Now before someone goes into hysterics and sics the BATF on me, I do understand that there are people who are genuinely sensitive to scents. My sister is one of them. But there are also those who just dislike perfume and resort to the allergy excuse to prevent others from wearing scents.

So do I wear perfume for myself? I like to think I do. Until
I run into the terminally sensitive to scents contingency. Then I am forced, very much to my annoyance, to not wear scent because of others.

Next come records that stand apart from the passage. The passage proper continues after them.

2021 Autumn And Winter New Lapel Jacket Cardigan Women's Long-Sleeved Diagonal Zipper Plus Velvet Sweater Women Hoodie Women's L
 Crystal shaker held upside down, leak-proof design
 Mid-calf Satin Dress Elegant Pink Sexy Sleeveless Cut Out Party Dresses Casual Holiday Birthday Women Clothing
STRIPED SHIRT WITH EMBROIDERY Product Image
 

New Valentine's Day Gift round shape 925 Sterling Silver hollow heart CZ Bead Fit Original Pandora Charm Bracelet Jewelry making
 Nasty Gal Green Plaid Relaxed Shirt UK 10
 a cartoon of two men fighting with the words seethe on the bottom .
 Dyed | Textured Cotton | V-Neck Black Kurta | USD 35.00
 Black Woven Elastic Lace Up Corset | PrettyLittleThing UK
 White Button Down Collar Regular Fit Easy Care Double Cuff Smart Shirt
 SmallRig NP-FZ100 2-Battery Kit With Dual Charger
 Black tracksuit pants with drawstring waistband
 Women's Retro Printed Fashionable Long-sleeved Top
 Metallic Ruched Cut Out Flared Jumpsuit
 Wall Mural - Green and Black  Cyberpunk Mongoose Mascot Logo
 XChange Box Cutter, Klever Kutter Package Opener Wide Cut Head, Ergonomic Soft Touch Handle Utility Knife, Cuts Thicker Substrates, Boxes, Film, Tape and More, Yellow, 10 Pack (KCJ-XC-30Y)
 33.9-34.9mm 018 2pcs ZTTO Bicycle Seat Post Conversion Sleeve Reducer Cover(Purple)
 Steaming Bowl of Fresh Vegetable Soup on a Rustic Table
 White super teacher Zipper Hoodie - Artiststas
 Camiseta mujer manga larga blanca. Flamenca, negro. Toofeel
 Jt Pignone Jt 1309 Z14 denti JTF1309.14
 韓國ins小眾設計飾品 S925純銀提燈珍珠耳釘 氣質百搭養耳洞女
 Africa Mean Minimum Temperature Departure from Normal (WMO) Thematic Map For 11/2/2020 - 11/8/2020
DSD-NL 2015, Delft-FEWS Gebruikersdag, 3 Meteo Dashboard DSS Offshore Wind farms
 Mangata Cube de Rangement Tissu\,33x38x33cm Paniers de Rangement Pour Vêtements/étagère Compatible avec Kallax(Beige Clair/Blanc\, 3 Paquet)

BTW, I completely agree with Joyce Sweeney's comment about the highly offensive "old lady scent" term.

little parrot

My first comment on your blog! I am a vintage fan!!
I wear perfume for myself, a good example; yesterday i was stressed and tired and we had to visit some friend in the hospital.
One hour before we should leave the house I put on 2 drops of pure perfume CABOCHARD Gres. I know this perfume grounds/centers me, its also calming and strengthing and uplifting and so very suited for coping with difficult situations.
So that's pretty an experience for myself i think so...
Also most vintages(for me they are very private) I keep for myself as a hidden gem,I don't want to hear comments on them (I don't want to get hurt about my vintages I guess)
For mainstream fragrances I am not that sensitive about comments, so I think vintages is more of my soul

By the way i was searching for your review of CHOC Cardin


I wear scent for myself, but enjoy comments too. I love niche and vintage perfumery but also love those odd little gems I may find in a drugstore (I live in Germany) or maybe a weird little aromatic oil in a health food store. I dress for myself (lots of tulle...I'm 49 and love a bit of a Stepdford Wife vibe) and that's how I scent myself. My horror of horrors would be for someone to be able to identify what fragrance I am wearing. I like to smell as "different" as I look. My husband loves Chanel everything on me. He can't remember the name of a fragrance to save his life, but he can always identify a Chanel on me...even the Exclusifs! He lets me do my "thing" and indulges me when I am on the hunt for something. I often have to just pop in to someplace for a quick sniff or spray. I love so much about perfumery, but find it very personal.